▶

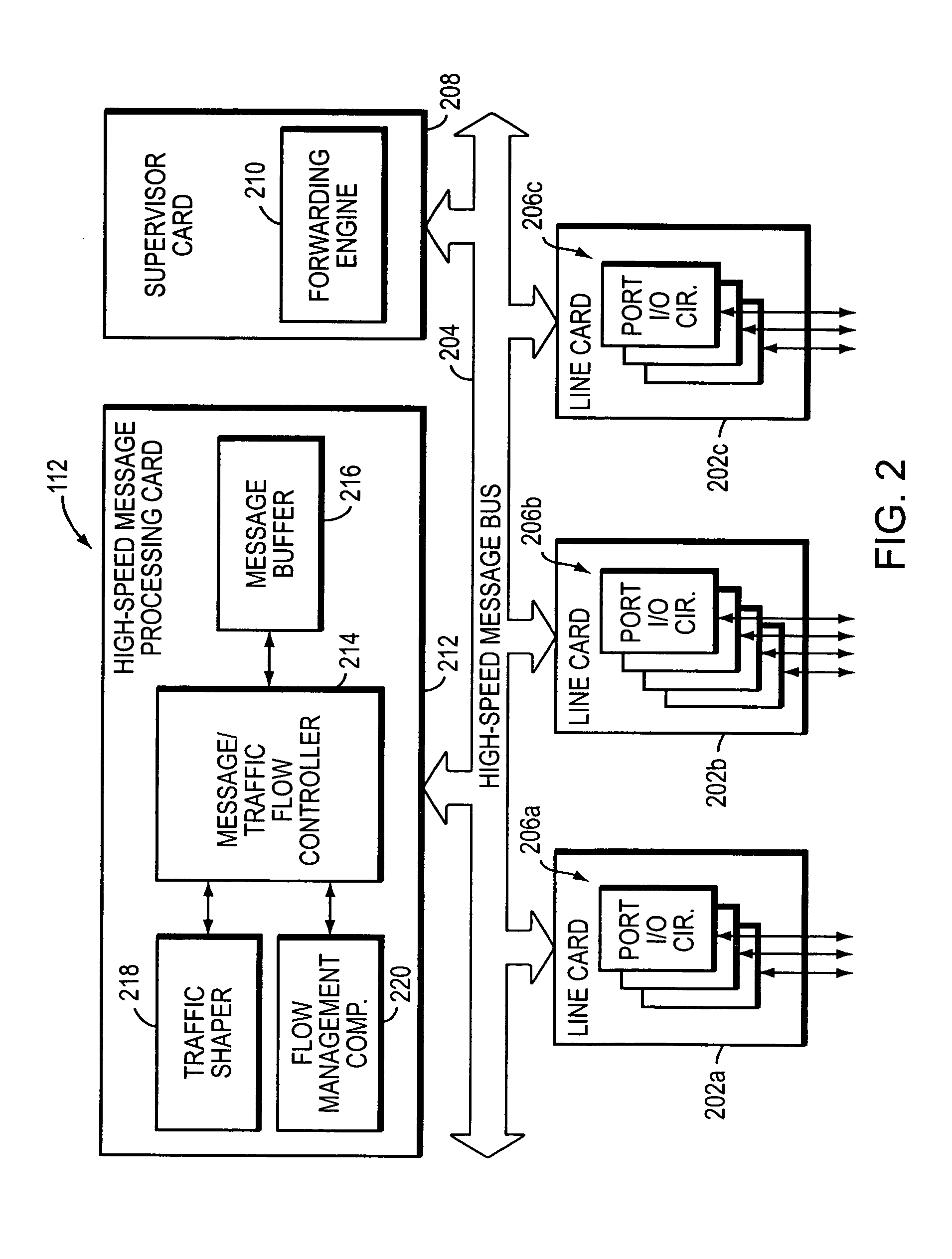 Method and apparatus for performing high-speed traffic shaping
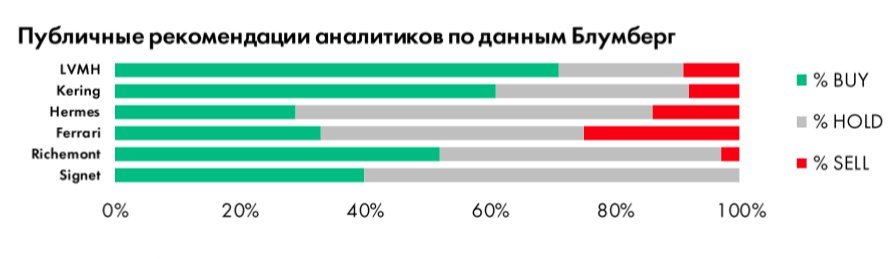 Что такое структурные ноты и как они могут улучшить инвестпортфель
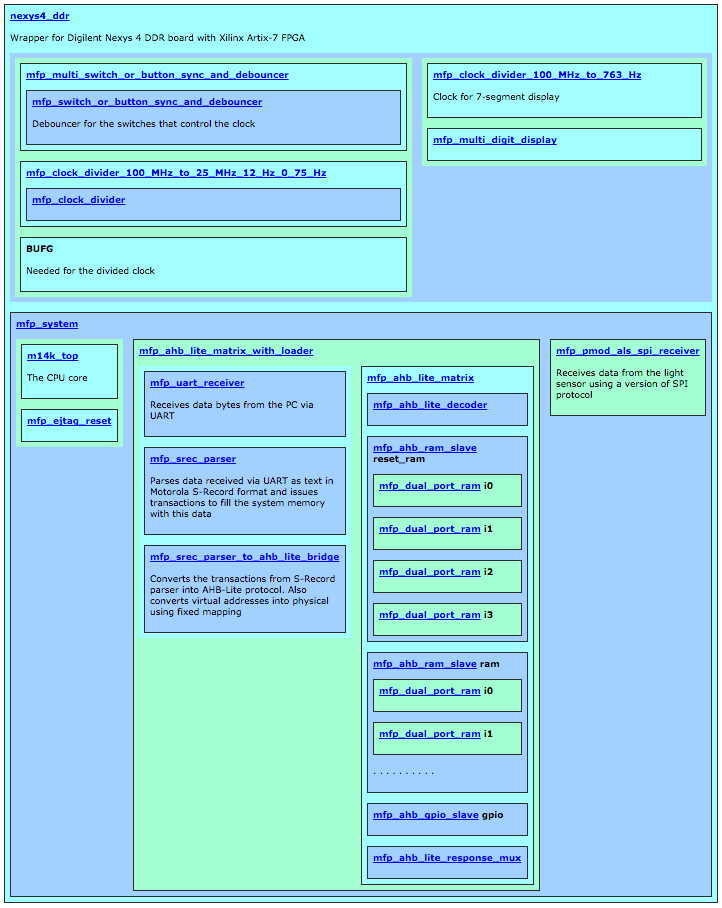 run synplify pro on virtual machine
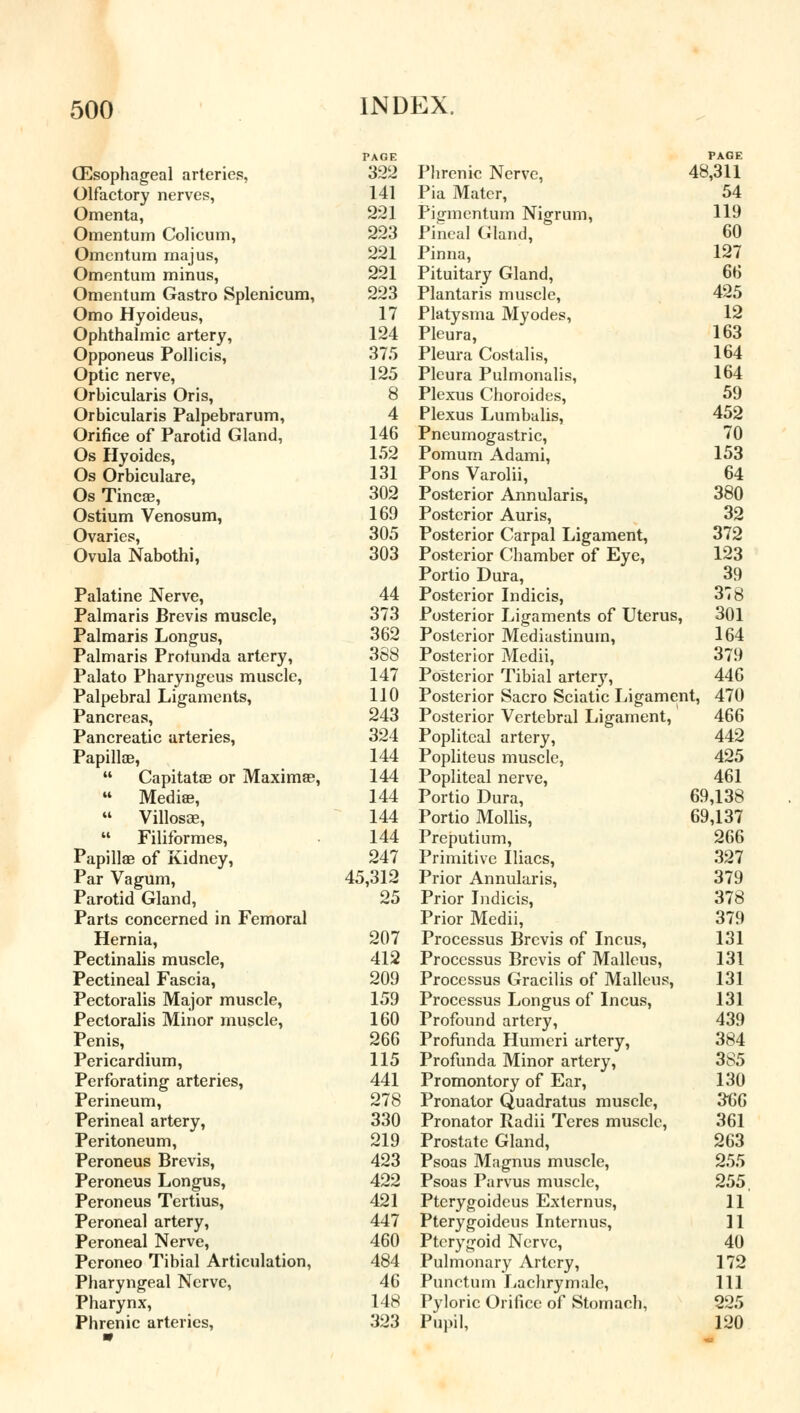 (Esophageal arteries, PAGE 322 Phrenic Nerve, PAGE 48,311 Olfactory nerves, 141 Pia Mater, 54 Omenta, 221 Pigmentum Nigrum, 119 Omentum Colicum, 223 Pineal Gland, 60 Omentum majus, 221 Pinna, 127 Omentum minus, 221 Pituitary Gland, 66 Omentum Gastro Splenicum, 223 Plantaris muscle, 425 Omo Hyoideus, 17 Platysma Myodes, 12 Ophthalmic artery, 124 Pleura, 163 Opponeus Pollicis, 375 Pleura Costalis, 164 Optic nerve, 125 Pleura Pulmonalis, 164 Orbicularis Oris, 8 Plexus Choroides, 59 Orbicularis Palpebrarum, 4 Plexus Lumbalis, 452 Orifice of Parotid Gland, 146 Pneumogastric, 70 Os Hyoides, 152 Pomum Adami, 153 Os Orbiculare, 131 Pons Varolii, 64 Os Tincae, 302 Posterior Annularis, 380 Ostium Venosum, 169 Posterior Auris, 32 Ovaries, 305 Posterior Carpal Ligament, 372 Ovula Nabothi, 303 Posterior Chamber of Eye, 123 Portio Dura, 39 Palatine Nerve, 44 Posterior Indicis, 378 Palmaris Brevis muscle, 373 Posterior Ligaments of Uterus, , 301 Palmaris Longus, 362 Posterior Mediastinum, 164 Palmaris Profunda artery, 388 Posterior Medii, 379 Palato Pharyngeus muscle, 147 Posterior Tibial artery, 446 Palpebral Ligaments, 110 Posterior Sacro Sciatic Ligament, 470 Pancreas, 243 Posterior Vertebral Ligament, 466 Pancreatic arteries, 324 Popliteal artery, 442 Papillae, 144 Popliteus muscle, 425  Capitatae or Maximae, 144 Popliteal nerve, 461  Mediae, 144 Portio Dura, 69,138  Villosce, 144 Portio Mollis, 69,137  Filiformes, 144 Preputium, 266 Papillae of Kidney, 247 Primitive Iliacs, 327 Par Vagum, 45,312 Prior Annularis, 379 Parotid Gland, 25 Prior Indicis, 378 Parts concerned in Femoral Prior Medii, 379 Hernia, 207 Processus Brevis of Incus, 131 Pectinalis muscle, 412 Processus Brevis of Malleus, 131 Pectineal Fascia, 209 Processus Gracilis of Malleus, 131 Pectoralis Major muscle, 159 Processus Longus of Incus, 131 Pectoralis Minor muscle, 160 Profound artery, 439 Penis, 266 Profunda Humeri artery, 384 Pericardium, 115 Profunda Minor artery, 385 Perforating arteries, 441 Promontory of Ear, 130 Perineum, 278 Pronator Quadratus muscle, 3t>6 Perineal artery, 330 Pronator Radii Teres muscle, 361 Peritoneum, 219 Prostate Gland, 263 Peroneus Brevis, 423 Psoas Magnus muscle, 255 Peroneus Longus, 422 Psoas Parvus muscle, 255 Peroneus Tertius, 421 Ptcrygoideus Externus, 11 Peroneal artery, 447 Pterygoideus Interims, 11 Peroneal Nerve, 460 Pterygoid Nerve, 40 Peroneo Tibial Articulation, 484 Pulmonary Artery, 172 Pharyngeal Nerve, 46 Punctum Lachrymale, 111 Pharynx, 148 Pyloric Orifice of Stomach, 225 Phrenic arteries, 323 Pupil, 120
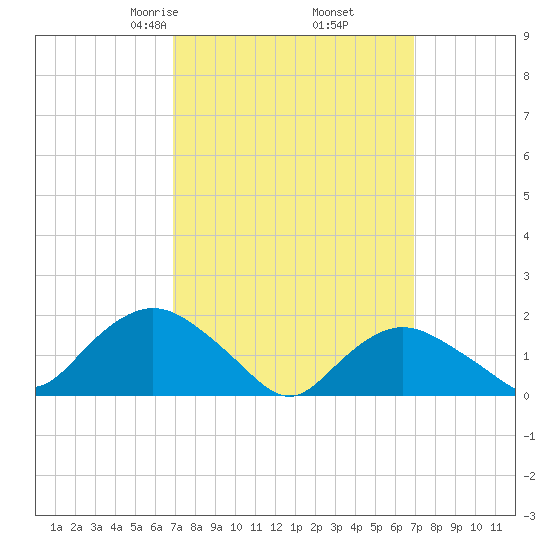 Montauk Harbor entrance tide chart for Friday, March 17, 2023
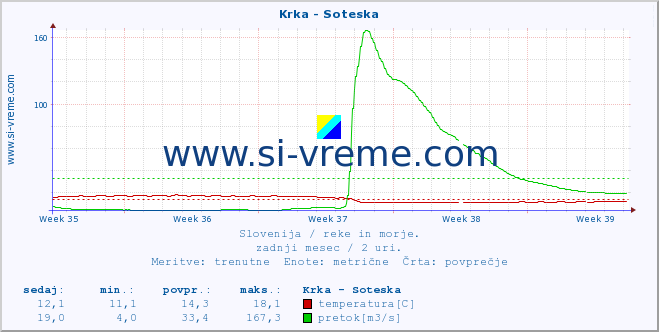 POVPREČJE :: Krka - Soteska :: temperatura | pretok | višina :: zadnji mesec / 2 uri.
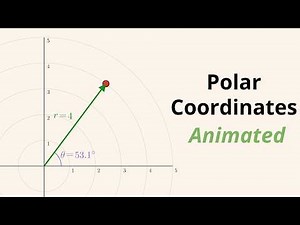 Introducing Polar Coordinates: An Animated Guide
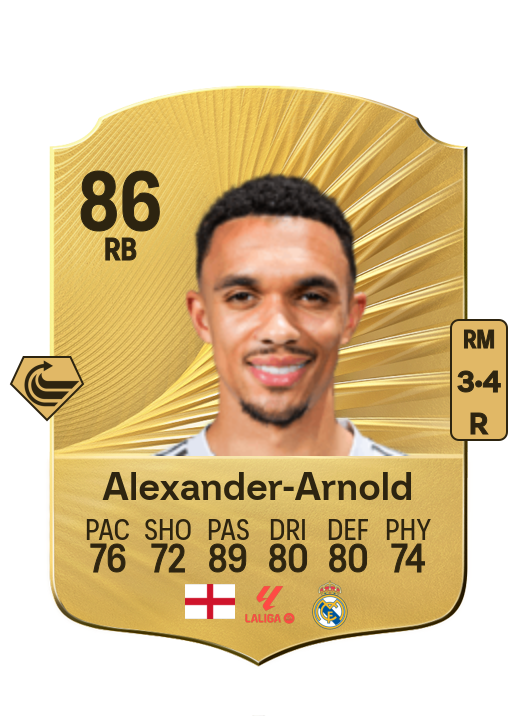 Trent Alexander-Arnold card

◀

### EXERCISE REQUIREMENTS
A verbatim retyping of the listing, without any pictures, is the expected answer.

### SOLUTION FOR THIS TASK
 Method and apparatus for performing high-speed traffic shaping
 Что такое структурные ноты и как они могут улучшить инвестпортфель
 run synplify pro on virtual machine
 (Esophageal arteries, PAGE 322 Phrenic Nerve, PAGE 48,311 Olfactory nerves, 141 Pia Mater, 54 Omenta, 221 Pigmentum Nigrum, 119 Omentum Colicum, 223 Pineal Gland, 60 Omentum majus, 221 Pinna, 127 Omentum minus, 221 Pituitary Gland, 66 Omentum Gastro Splenicum, 223 Plantaris muscle, 425 Omo Hyoideus, 17 Platysma Myodes, 12 Ophthalmic artery, 124 Pleura, 163 Opponeus Pollicis, 375 Pleura Costalis, 164 Optic nerve, 125 Pleura Pulmonalis, 164 Orbicularis Oris, 8 Plexus Choroides, 59 Orbicularis Palpebrarum, 4 Plexus Lumbalis, 452 Orifice of Parotid Gland, 146 Pneumogastric, 70 Os Hyoides, 152 Pomum Adami, 153 Os Orbiculare, 131 Pons Varolii, 64 Os Tincae, 302 Posterior Annularis, 380 Ostium Venosum, 169 Posterior Auris, 32 Ovaries, 305 Posterior Carpal Ligament, 372 Ovula Nabothi, 303 Posterior Chamber of Eye, 123 Portio Dura, 39 Palatine Nerve, 44 Posterior Indicis, 378 Palmaris Brevis muscle, 373 Posterior Ligaments of Uterus, , 301 Palmaris Longus, 362 Posterior Mediastinum, 164 Palmaris Profunda artery, 388 Posterior Medii, 379 Palato Pharyngeus muscle, 147 Posterior Tibial artery, 446 Palpebral Ligaments, 110 Posterior Sacro Sciatic Ligament, 470 Pancreas, 243 Posterior Vertebral Ligament, 466 Pancreatic arteries, 324 Popliteal artery, 442 Papillae, 144 Popliteus muscle, 425  Capitatae or Maximae, 144 Popliteal nerve, 461  Mediae, 144 Portio Dura, 69,138  Villosce, 144 Portio Mollis, 69,137  Filiformes, 144 Preputium, 266 Papillae of Kidney, 247 Primitive Iliacs, 327 Par Vagum, 45,312 Prior Annularis, 379 Parotid Gland, 25 Prior Indicis, 378 Parts concerned in Femoral Prior Medii, 379 Hernia, 207 Processus Brevis of Incus, 131 Pectinalis muscle, 412 Processus Brevis of Malleus, 131 Pectineal Fascia, 209 Processus Gracilis of Malleus, 131 Pectoralis Major muscle, 159 Processus Longus of Incus, 131 Pectoralis Minor muscle, 160 Profound artery, 439 Penis, 266 Profunda Humeri artery, 384 Pericardium, 115 Profunda Minor artery, 385 Perforating arteries, 441 Promontory of Ear, 130 Perineum, 278 Pronator Quadratus muscle, 3t>6 Perineal artery, 330 Pronator Radii Teres muscle, 361 Peritoneum, 219 Prostate Gland, 263 Peroneus Brevis, 423 Psoas Magnus muscle, 255 Peroneus Longus, 422 Psoas Parvus muscle, 255 Peroneus Tertius, 421 Ptcrygoideus Externus, 11 Peroneal artery, 447 Pterygoideus Interims, 11 Peroneal Nerve, 460 Pterygoid Nerve, 40 Peroneo Tibial Articulation, 484 Pulmonary Artery, 172 Pharyngeal Nerve, 46 Punctum Lachrymale, 111 Pharynx, 148 Pyloric Orifice of Stomach, 225 Phrenic arteries, 323 Pupil, 120
 Montauk Harbor entrance tide chart for Friday, March 17, 2023
 POVPREČJE :: Krka - Soteska :: temperatura | pretok | višina :: zadnji mesec / 2 uri.
 Introducing Polar Coordinates: An Animated Guide
 Trent Alexander-Arnold card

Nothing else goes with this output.